3) La coïncidence que Sombart aperçoit entre le déclin des villes allemandes
s'explique facilement par un renversement de la relation causale. La ruine de ces villes
n'a pas été provoquée par les mesures prises contre les Juifs ; ces mesures furent au
contraire l'effet du déclin de ces villes. D'autre part, la prospérité d'autres cités ne fut
pas le résultat de l'immigration juive, mais cette dernière se dirige tout naturellement
vers les villes prospères.
« Il est évident que le rapport de cause à effet est contraire à celui de Sombart263.»

L'étude du rôle économique des Juifs en Italie et en Allemagne à la fin du XV° et
du XVI°, siècles confirme pleinement cette façon de voir. Il est clair que les Monts-de-
Piété, les affaires des usuriers juifs étaient supportables aussi longtemps que la situation
économique de ces villes était relativement bonne. Toute aggravation de la situation
rendait le fardeau de l'usure intenable et le courroux de la population se dirigeait
en premier lieu contre les Juifs.

4) L'exemple de la Hollande n'infirme pas, il est vrai, la thèse de Sombart, mais
il ne la confirme pas non plus. Si l'on admettait même que sa prospérité fût favorisée
par l'arrivée des Marranes, rien ne nous y autoriserait encore d'en voir la cause dans
leur arrivée. Et comment expliquer, en se basant sur ce critère, la décadence de la
Hollande au XVIII° siècle ?
Il semble d'ailleurs qu'on s'exagère le rôle économique des
Juifs en Hollande. A propos de la Compagnie hollandaise des Indes orientales dont
l'importance pour la prospérité de la Hollande fut décisive, Sayous dit :
« Les Juifs n'ont, en tout cas, aucun rôle dans la formation de la première société
anonyme par actions vraiment moderne : la Compagnie hollandaise des Indes orientales
; ils n'ont souscrit qu'à peine 1 % de son capital social et ils n'y ont pas joué un
rôle important dans son activité durant les années suivantes. »
Faut-il continuer ? Faut-il montrer le développement économique important de
l'Angleterre précisément à l'époque postérieure à l'expulsion des Juifs ?
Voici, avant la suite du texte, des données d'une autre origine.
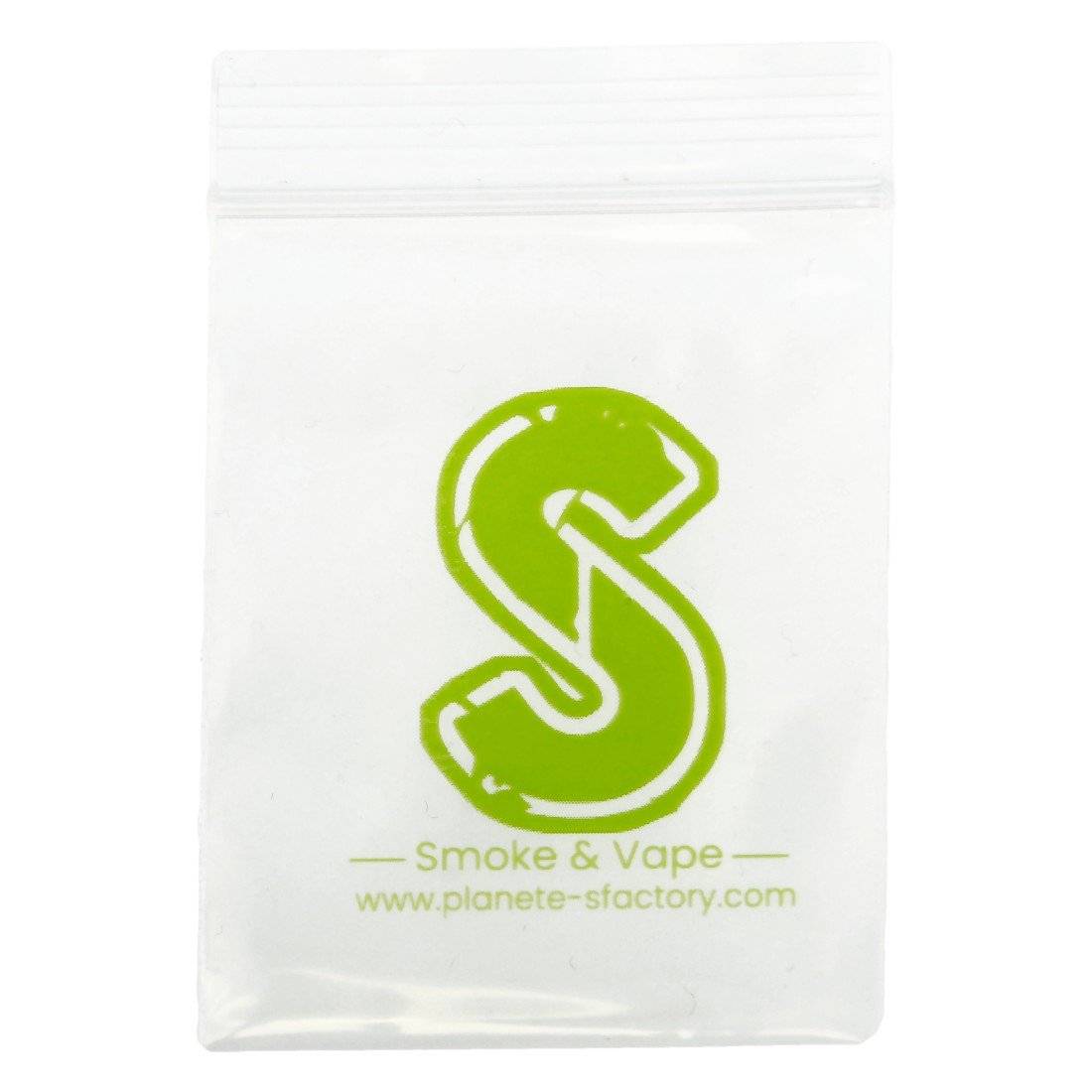 SACHET ZIP S FACTORY SMOKE AND VAPE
« Si la relation causale établie par Sombart était vraie, comment expliquer qu'en
Russie et en Pologne, où le peuple méridional du « désert » était le plus [110] nombreux,
son influence sur les peuples nordiques n'ait nullement produit d'épanouissement
économique ? »264.

La théorie de Sombart est donc complètement fausse265. Sombart prétend traiter
du rôle économique des Juifs, mais il le fait d'une façon complètement fantaisiste, en
arrangeant l'histoire à sa façon. Sombart présente une thèse sur les Juifs et la vie économique
en général, mais il ne s'occupe que d'une période très restreinte de leur histoire.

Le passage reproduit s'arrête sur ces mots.